Understanding Envoy's Consul-Related Metrics – HashiCorp Help Center

Introduction

This article is intended to be used as a guide for monitoring Envoy metrics related to Consul services.

Primer

Envoy: A service proxy for communication between applications within a service mesh.
upstream: the upstream cluster in Envoy that will be receiving requests.
downstream: the downstream cluster in Envoy that will be connecting to the upstream service
xDS: This stands for "Discovery Services", which is related to Envoy's xDS APIs:
- LDS (Listener Discovery Service)
- RDS (Route Discovery Service)
- CDS (Cluster Discovery Service)
- EDS (Endpoint Discovery Service)

Prerequisite

Access Envoy stats from the admin page(by default on localhost:19000/stats)
- If using a VM, go to the registered service that has the envoy proxy, and curl localhost:19000/stats
- If using Consul + Kubernetes, refer here.
- If using Datadog, refer here.
- If using Prometheus/Grafana, refer here.

Envoy Metrics

Name	Type	Description/Example	Why is this helpful to monitor?
upstream_cx_total	Counter	Total upstream connections	To compare the total connections with how many were successful(2xx), or not(5xx).
upstream_cx_active	Gauge	Total active connections with the upstream	Beneficial to monitor upstream connections in real time using a tool like Grafana.
upstream_cx_http1_total	Counter	Total HTTP/1.1 connections(Most downstreams will use HTTP/1.1)	Helpful to see if the downstream is making too many HTTP requests.
upstream_cx_connect_fail	Counter	Total number of failed connections between services	Helpful to see if services are working properly in the service mesh. If there are 503 responses and this metric is increasing, checking envoy logs as well as a tcpdump should show more insight.
upstream_rq_total	Counter	Total number of requests made between services	Good to check the overall requests the downstream is making to the upstream.
default.total.match_count	Counter	Total matches to the upstream(e.g making a request to "/public_api" will increment this counter)	Helpful to check this to see if service-router is working as intended.
upstream_rq_timeout	Counter	Total requests that timed out waiting for a response	In case the downstream service is getting 503 responses, checking this stat will shed light on if it's hitting an Envoy timeout.
connect_authzrbac.allowed	Counter	Total requests that were allowed based on the RBAC (Role-Based Access Control) policy applied to the connections.	Helpful to check this metric in the upstream sidecar to see if the service intention(allow) is working as intended. Currently the downstream sidecar doesn't increment this or connect_authzrbac.denied.

xDS server metrics

Consul's xDS management server is what watches service proxy changes in consul client's and Consul servers(via the Catalog) so it can be pushed to Envoy. The xDS server exposes a few metrics in Consul servers(not Envoy) that are helpful to monitor.

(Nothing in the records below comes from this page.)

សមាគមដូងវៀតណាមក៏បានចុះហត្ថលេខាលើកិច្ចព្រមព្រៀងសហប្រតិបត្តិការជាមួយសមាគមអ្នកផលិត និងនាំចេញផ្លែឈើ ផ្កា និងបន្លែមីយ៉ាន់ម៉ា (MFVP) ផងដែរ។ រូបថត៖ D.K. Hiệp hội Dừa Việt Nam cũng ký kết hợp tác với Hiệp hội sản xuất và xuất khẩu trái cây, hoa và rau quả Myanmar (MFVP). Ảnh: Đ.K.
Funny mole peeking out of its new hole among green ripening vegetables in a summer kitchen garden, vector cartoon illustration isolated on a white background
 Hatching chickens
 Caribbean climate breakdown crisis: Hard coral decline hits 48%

Name	Unit	Type	Description/Example	Why is this helpful to monitor?
consul.xds.server.streams	streams	gauge	Measures the number of active xDS streams handled by the server split by protocol version.	Good to check which requests to Envoy are using a certain protocol(envoy_discovery_v2 or envoy_discovery_v3).
consul.xds.server.streamsUnauthenticated(Added in Consul 1.15)	streams	gauge	Measures the number of active xDS streams handled by the server that are unauthenticated because ACLs are not enabled or ACL tokens were missing.	If Consul or Nomad aren't registering a service properly, it may be due to a missing token. Monitoring this metric can confirm why a service isn't registering.
consul.xds.server.idealStreamsMax(Added in Consul 1.14)	streams	gauge	The maximum number of xDS streams per server, chosen to achieve a roughly even spread of load across servers.	This metric is helpful to check across servers to understand if resources are being exhausted on servers(via xDS load balancing).
consul.xds.server.streamDrained(Added in Consul 1.14)	streams	counter	Counts the number of xDS streams that are drained when rebalancing the load between servers.	A helpful metric to monitor to check that streams are properly being drained for xDS load balancing on Consul servers.

Example:

Let's use the Counting Dashboard services to monitor stats.

Sequence of Events

Client(far left) accesses the dashboard service via browser or curl request
The dashboard service reaches the counting service through Envoy
Dashboard's outbound listener 127.0.0.1_5000 reaches the public listener in the counting service(on port 20000)
The public listener in the counting service reaches local app, which connects to counting locally(on port 9003)
Local app in the counting sidecar gets a response from the counting service, which is sent to the counting public listener
Counting's public listener sends the response to the dashboard service through it's sidecar.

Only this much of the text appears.